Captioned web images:
——————
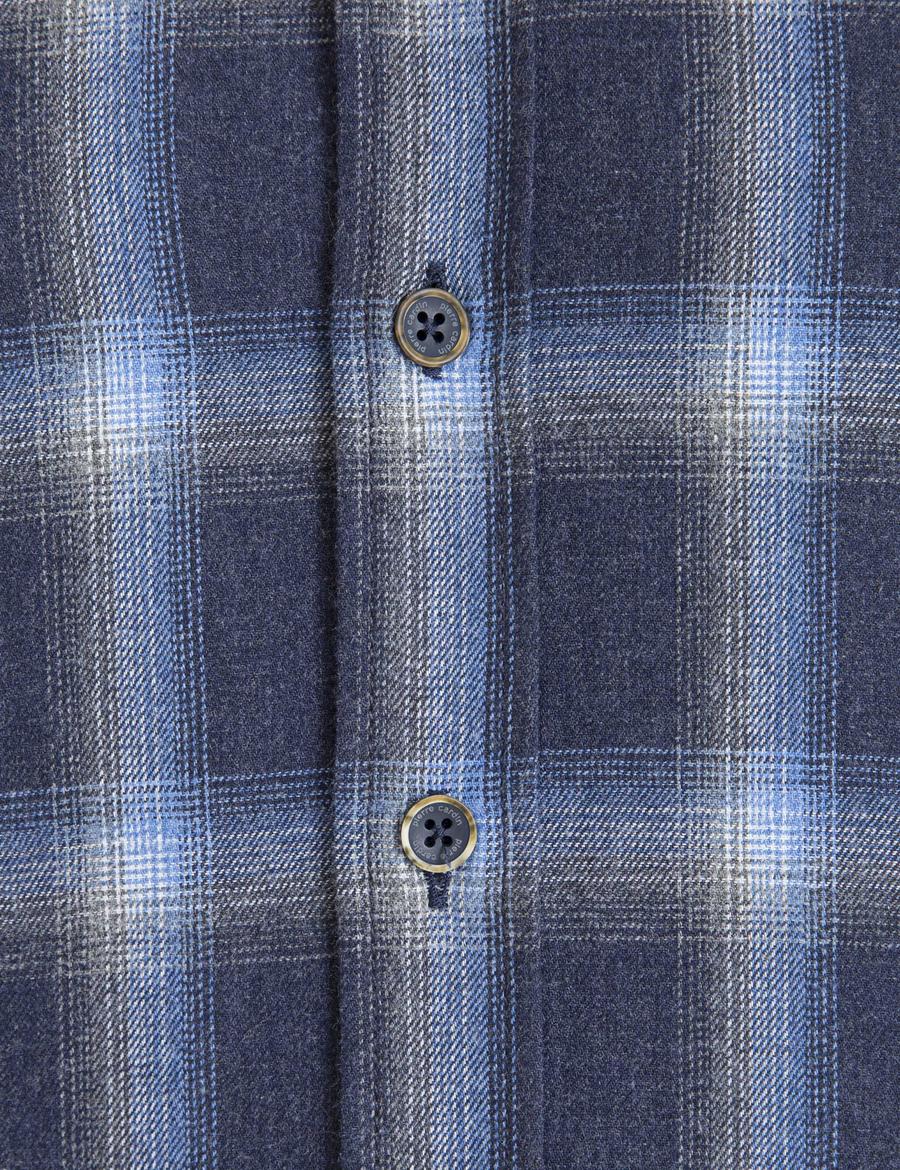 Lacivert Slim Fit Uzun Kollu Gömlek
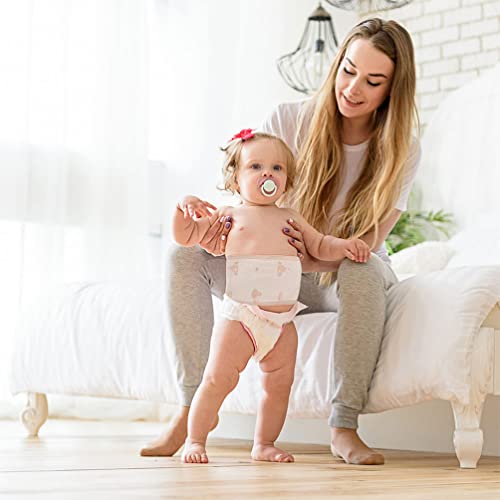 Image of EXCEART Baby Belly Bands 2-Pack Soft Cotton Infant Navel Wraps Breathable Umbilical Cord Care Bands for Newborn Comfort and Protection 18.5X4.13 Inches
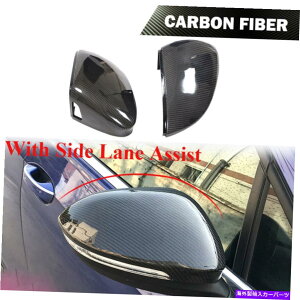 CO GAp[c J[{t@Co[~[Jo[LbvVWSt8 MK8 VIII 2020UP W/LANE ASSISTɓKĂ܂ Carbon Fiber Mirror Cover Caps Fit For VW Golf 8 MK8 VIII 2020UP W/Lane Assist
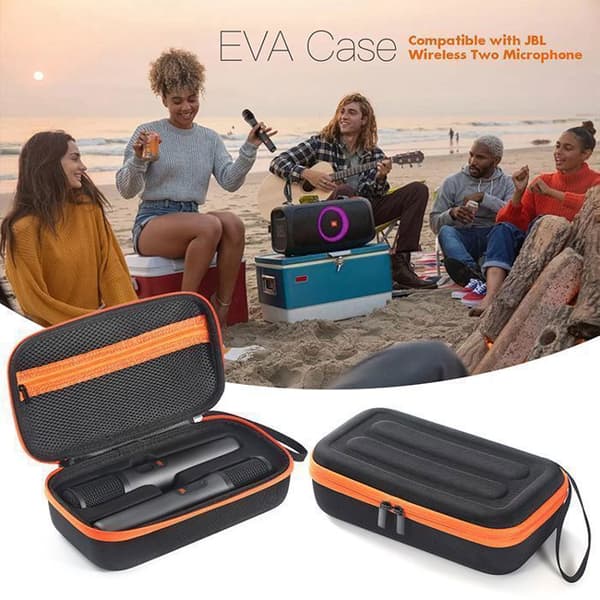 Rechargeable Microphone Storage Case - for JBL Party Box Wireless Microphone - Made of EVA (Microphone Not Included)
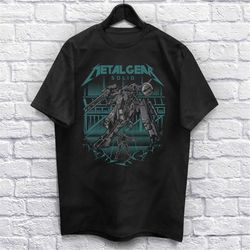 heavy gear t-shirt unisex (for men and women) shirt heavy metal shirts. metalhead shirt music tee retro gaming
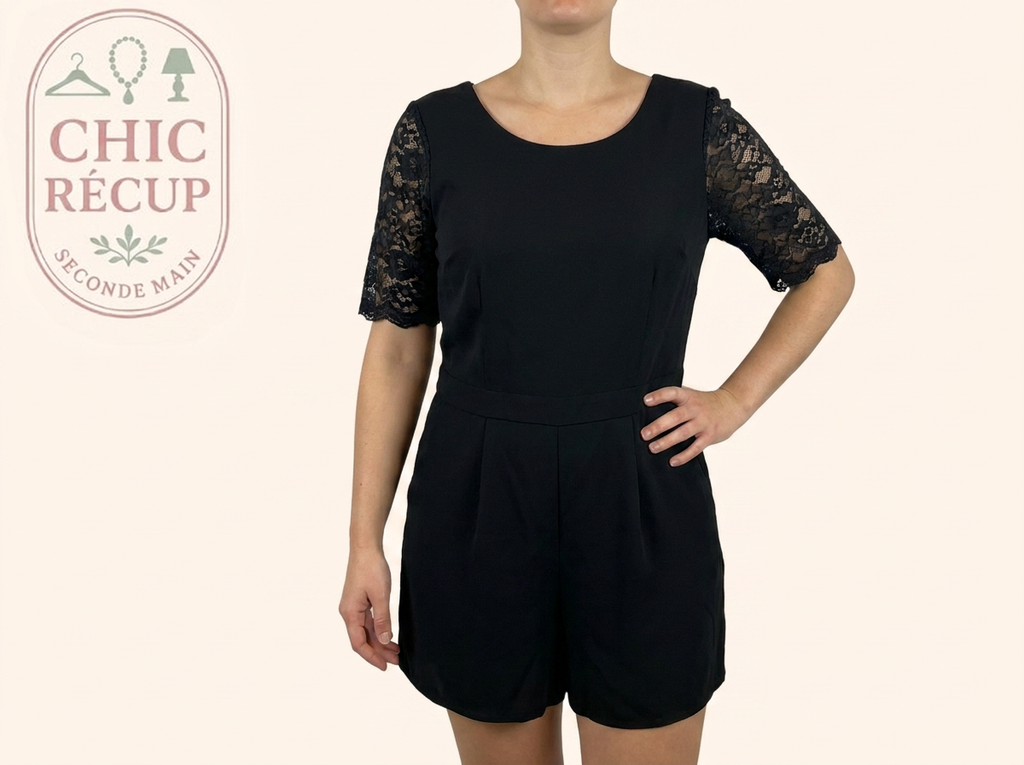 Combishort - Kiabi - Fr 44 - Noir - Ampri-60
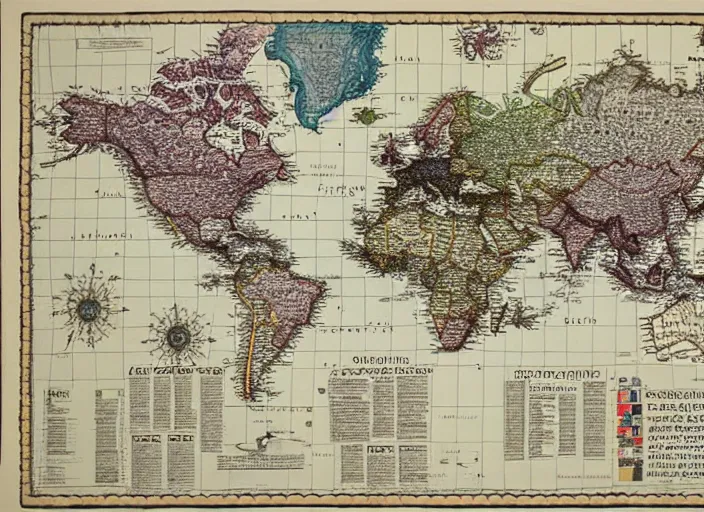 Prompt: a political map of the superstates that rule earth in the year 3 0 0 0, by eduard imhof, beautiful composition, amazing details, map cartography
——————
TASK TO CARRY OUT: Write out the line that contains "Golf 8 MK8 VIII 2020UP W/Lane Assist" and every line after it to the end of the data, exactly as they stand. Omit the pictures.

TASK SOLUTION:
 CO GAp[c J[{t@Co[~[Jo[LbvVWSt8 MK8 VIII 2020UP W/LANE ASSISTɓKĂ܂ Carbon Fiber Mirror Cover Caps Fit For VW Golf 8 MK8 VIII 2020UP W/Lane Assist
 Rechargeable Microphone Storage Case - for JBL Party Box Wireless Microphone - Made of EVA (Microphone Not Included)
 heavy gear t-shirt unisex (for men and women) shirt heavy metal shirts. metalhead shirt music tee retro gaming
 Combishort - Kiabi - Fr 44 - Noir - Ampri-60
 Prompt: a political map of the superstates that rule earth in the year 3 0 0 0, by eduard imhof, beautiful composition, amazing details, map cartography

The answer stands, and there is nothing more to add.